The Arctic is an area that borders on many nations, and its shared concerns are far too large for any country to investigate on its own. As a result, the IPY is an opportunity for researchers from around the world to work together on projects relating to ecology, geography, geology, astronomy and many more issues that touch the lives of the people and wildlife that live in the North.
The three previous IPYs took place between 1882 and 1883, 1932 and 1933, and 1957 and 1958. However, this most recent Polar Year was the largest to date and also the first to take place during a period of climate change.
This was also the first Polar Year to include an Indigenous Knowledge Exchange, in which over 220 First Nations and Inuit peoples from the regions of the circumpolar North – including Canada, the US, Russia, Greenland and northern Scandinavia – participated in discussions around such issues as wildlife and land use, food security and health, youth issues, climate change, and the involvement of Indigenous peoples in Arctic research. The products of the exchange were represented at the IPY conference by nine sessions, including roundtable discussions with Indigenous leaders and youth leaders, as well as the screenings of three films.
A huge number of researchers, scholars, scientists and government agents came together in Montreal to hear presentations and discussions of the results of IPY research. While 10,000 scientists and 50,000 other people from 60 countries participated in the Polar Year project itself, at least 3,000 were on hand in Montreal to present and consider their work and findings.
Concordia Environmental Cultural Studies PhD candidate Shirley Roburn – a former director of the Yukon Conservation Society – said the conference was immense. “Canada alone invested over $100-million in the Polar Year projects, but so did most countries. It’s a way for Arctic and Polar scientists and social scientists from around the world to work together and make connections on a much larger scale than would normally happen.”

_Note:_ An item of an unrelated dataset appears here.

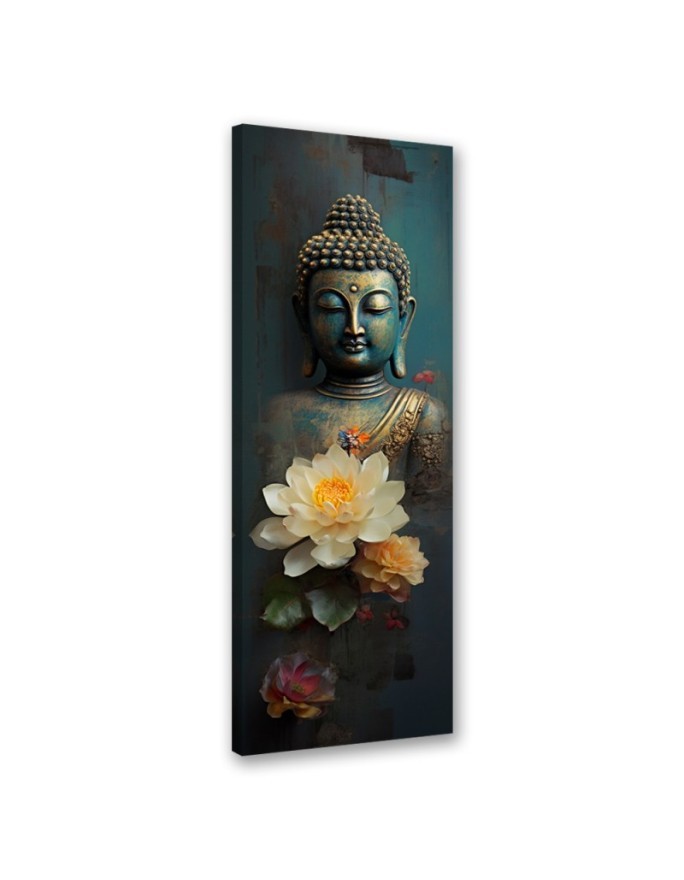 Bild auf Leinwand - Buddha und Zen-Blumen | Feeby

Roburn was there to present a paper that she had co-written with members of the Yukon’s Tr’ondëk Hwëch’in First Nation, one of two First Nations that ran their own IPY projects. Their paper, “Traditional Knowledge and Climate Change in Tr’ondëk Hwëch’in Traditional Territory”, considered the effects of climate change on northern Aboriginal people and took stock of traditional knowledge that could be used in adapting to changes to the natural environment.
Roburn recommended a variety of other IPY projects, particularly the documentary film, “People of a Feather”, by director Joel Heath, about the effects of climate change on the Inuit community of Sanikiluaq and the eider ducks its people have traditionally depended on. More than simply about climate change itself, however, the film considers the role of hydro-electric dams – like those in Eeyou Istchee – in causing alarming changes to sea ice and ocean currents.

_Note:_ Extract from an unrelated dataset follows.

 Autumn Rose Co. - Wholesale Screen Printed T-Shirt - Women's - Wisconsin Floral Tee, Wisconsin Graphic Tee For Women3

As well, Roburn recommended the work of Don Russell of the CircumArctic Rangifer Monitoring and Assessment Network (CARMA) – a complicated name for an organization of scientists and community members that tracks and maintains information about the world’s reindeer and caribou herds.

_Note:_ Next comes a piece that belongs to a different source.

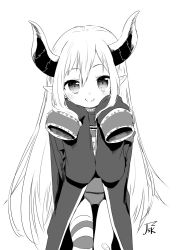 Rule 34 | 1girl, asymmetrical legwear, emma august, female focus, horns, jacket, long hair, looking at viewer, nijisanji, pointy ears, satsuyo, sleeves past wrists, smile, solo, striped clothes, striped thighhighs, thighhighs, uneven legwear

Reached in the Yukon, Russell said his experience at the IPY was also a good one.
“It’s a larger venue than I’m used to,” he explained, “and it’s encouraging to see all the science that’s going on and the strides forward in understanding the Arctic systems.”
On the subject of caribou, Russell said the two large herds that inhabit the Ungava Peninsula, the George River and Leaf River herds, took the longest time to decline in numbers. During the late 1990s and early 2000s, caribou herds around the world dropped in population, some as much as 80%, though they are growing in number once more.
“In the last four or five years,” Russell said, “we’ve seen most of these herds either stabilize or turn around. They move on a 40-50 year cycle. All these herds were low in the 1970s, they peaked out in the 1990s, and then they started going down again. If you just focus on your own herd, you see these declining numbers and start to worry. It’s good to step back and see whether other people in other jurisdictions are seeing the same thing. But the encouraging thing is that a lot of the herds that really declined earlier are starting to turn around.”
Russell said the IPY conference was so big that it was hard to keep track of what was going on some of the time, especially when there were 10 sessions taking place in each time slot.
“But certainly,” he said, “a lot of the people who attended my presentation were quite positive that this initiative – to form a network to see how these changes are impacting herds on a global scale – is a valuable contribution to understanding and managing these trends.”
Next up, CARMA will look to the future as they attempt to determine the best way to manage caribou and reindeer herds in times of abundance so that they won’t grow to such great numbers that they begin to die off. It’ll be a big job, but it most likely wouldn’t even be possible at all without the international framework of the IPY in place to make it happen.